Estas fechas electorales me suelen
trasladar a aquellos excitantes momentos de mi niñez en que las elecciones lo
envolvían todo, lo empapelaban todo, y parecía que iban a cambiarlo todo. La
jornada de reflexión se convertía en un día emocionante y silencioso en el que
todo el mundo, de una forma u otra, hacía como que estaba reflexionando,
arrastrando a la vez una sensación de cierta ansiedad y de leve resaca.
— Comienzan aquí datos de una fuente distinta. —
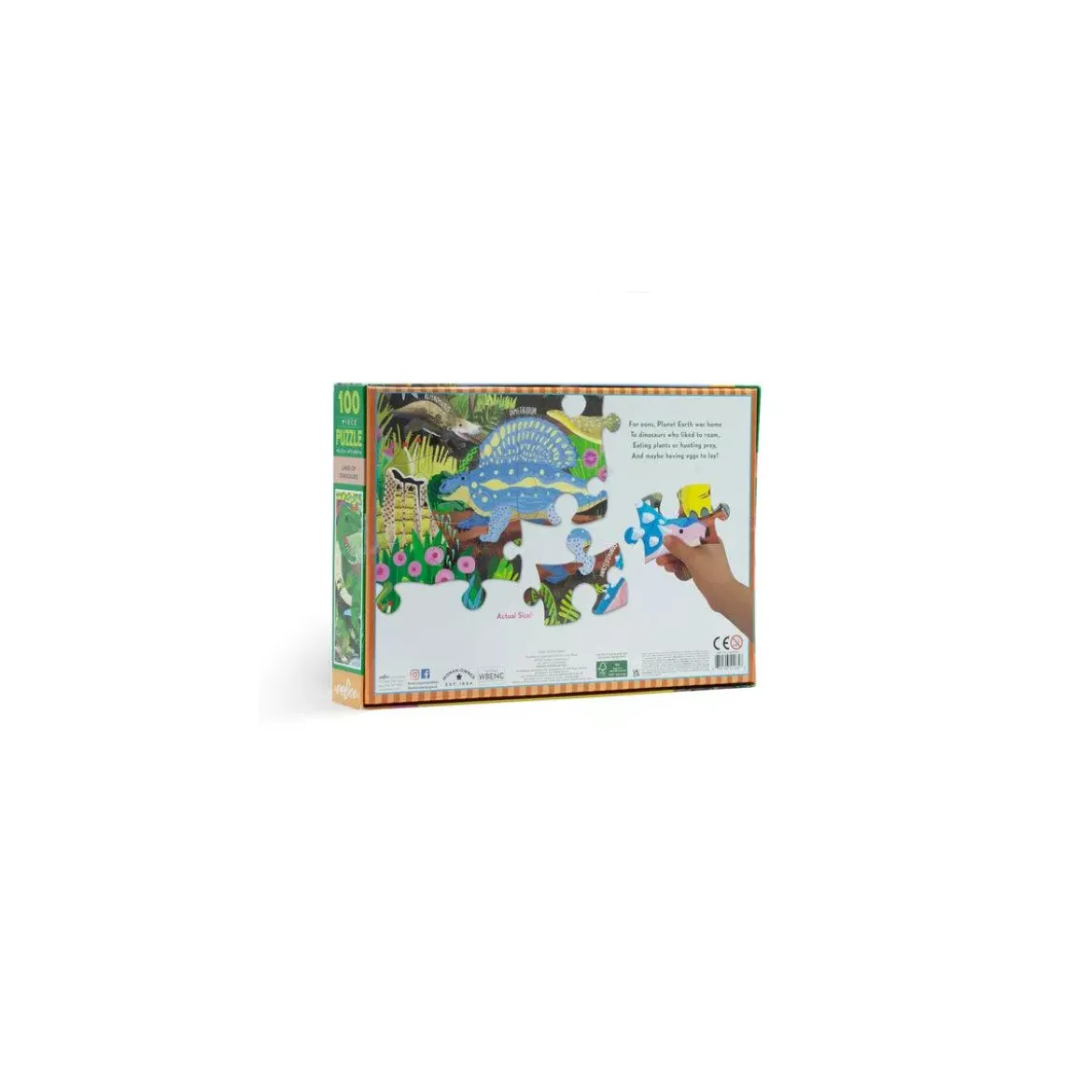 Puzzle Terre des Dinosaures - 100 pièces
Decían
que a partir de las cero horas del día anterior a
las votaciones empezaba y, justo hasta ese momento, los partidos lo llenaban
todo con el estruendo de sus mítines-concierto y sus últimas sacudidas a esa
gran caja de cartón llena de votos que es para ellos la ciudad. Luego a las
doce todos desaparecían. Solo quedaban los que permanecerían para siempre; los
más recalcitrantes de entre la militancia militar, los más procaces, los que
comenzaban a divertirse comprobando las imperfecciones del promisorio sistema
democrático. Pasaban con sus vehículos desprovistos de carteles y megáfonos, a
las 00.15, en plena jornada de reflexión, derrapando por cualquier calle y
lanzando entre risas por las ventanillas las últimas octavillas que les
quedaban. Huían dejando un olor a gasolina y desilusión.